A bimodular oxidoreductase mediates the specific reduction of phylloquinone (vitamin K1) in chloroplasts.

Plants and certain species of cyanobacteria are the only organisms capable of synthesizing phylloquinone (vitamin K1 for vertebrates), which they use as an electron carrier during photosynthesis. Recent studies, however, have identified a plastidial pool of non-photoactive phylloquinone that could be involved in additional cellular functions. Here, we characterized an Arabidopsis bimodular enzyme--the At4g35760 gene product--comprising an integral domain homologous to the catalytic subunit of mammalian vitamin K1 epoxide reductase (VKORC1, EC 1.1.4.1) that is fused to a soluble thioredoxin-like moiety. GFP-fusion experiments in tobacco mesophyll cells established that the plant protein is targeted to plastids, and analyses of transcript and protein levels showed that expression is maximal in leaf tissues. The fused and individual VKORC1 domains were separately expressed in yeast, removing their chloroplast targeting pre-sequence and adding a C-terminal consensus signal for retention in the endoplasmic reticulum. The corresponding microsomal preparations were equally effective at mediating the dithiotreitol-dependent reduction of phylloquinone and menaquinone into their respective quinol forms. Strikingly, unlike mammalian VKORC1, the Arabidopsis enzyme did not reduce phylloquinone epoxide, and was resistant to inhibition by warfarin. The isoprenoid benzoquinone conjugates plastoquinone and ubiquinone were not substrates, establishing that the plant enzyme evolved strict specificity for the quinone form of naphthalenoid conjugates. In vitro reconstitution experiments established that the soluble thioredoxin-like domain can function as an electron donor for its integral VKORC1 partner.

Detection and quantification of vitamin K(1) quinol in leaf tissues.
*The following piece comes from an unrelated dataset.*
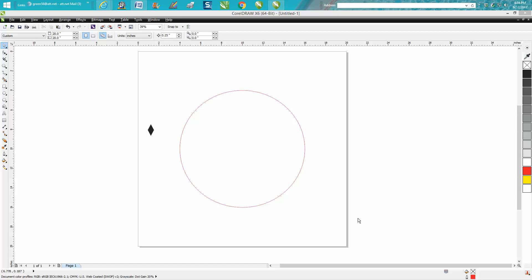Hi, it's me again with CorelDRAW Tips and Tricks. My very first video I've ever made for this Corel series was how to make a clock face dial, I believe. Well, I'm going to show you a little bit different way.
Phylloquinone (2-methyl-3-phytyl-1,4-naphthoquinone; vitamin K(1)) is vital to plants. It is responsible for the one-electron transfer at the A(1) site of photosystem I, a process that involves turnover between the quinone and semi-quinone forms of phylloquinone. Using HPLC coupled with fluorometric detection to analyze Arabidopsis leaf extracts, we detected a third redox form of phylloquinone corresponding to its fully reduced - quinol-naphthoquinone ring (PhQH(2)). A method was developed to quantify PhQH(2) and its corresponding oxidized quinone (PhQ) counterpart in a single HPLC run. PhQH(2) was found in leaves of all dicotyledonous and monocotyledonous species tested, but not in fruits or in tubers. Its level correlated with that of PhQ, and represented 5-10% of total leaf phylloquinone. Analysis of purified pea chloroplasts showed that these organelles accounted for the bulk of PhQH(2). The respective pool sizes of PhQH(2) and PhQ were remarkably stable throughout the development of Arabidopsis green leaves. On the other hand, in Arabidopsis and tomato senescing leaves, PhQH(2) was found to increase at the expense of PhQ, and represented 25-35% of the total pool of phylloquinone. Arabidopsis leaves exposed to light contained lower level of PhQH(2) than those kept in the dark. These data indicate that PhQH(2) does not originate from the photochemical reduction of PhQ, and point to a hitherto unsuspected function of phylloquinone in plants. The putative origin of PhQH(2) and its recycling into PhQ are discussed.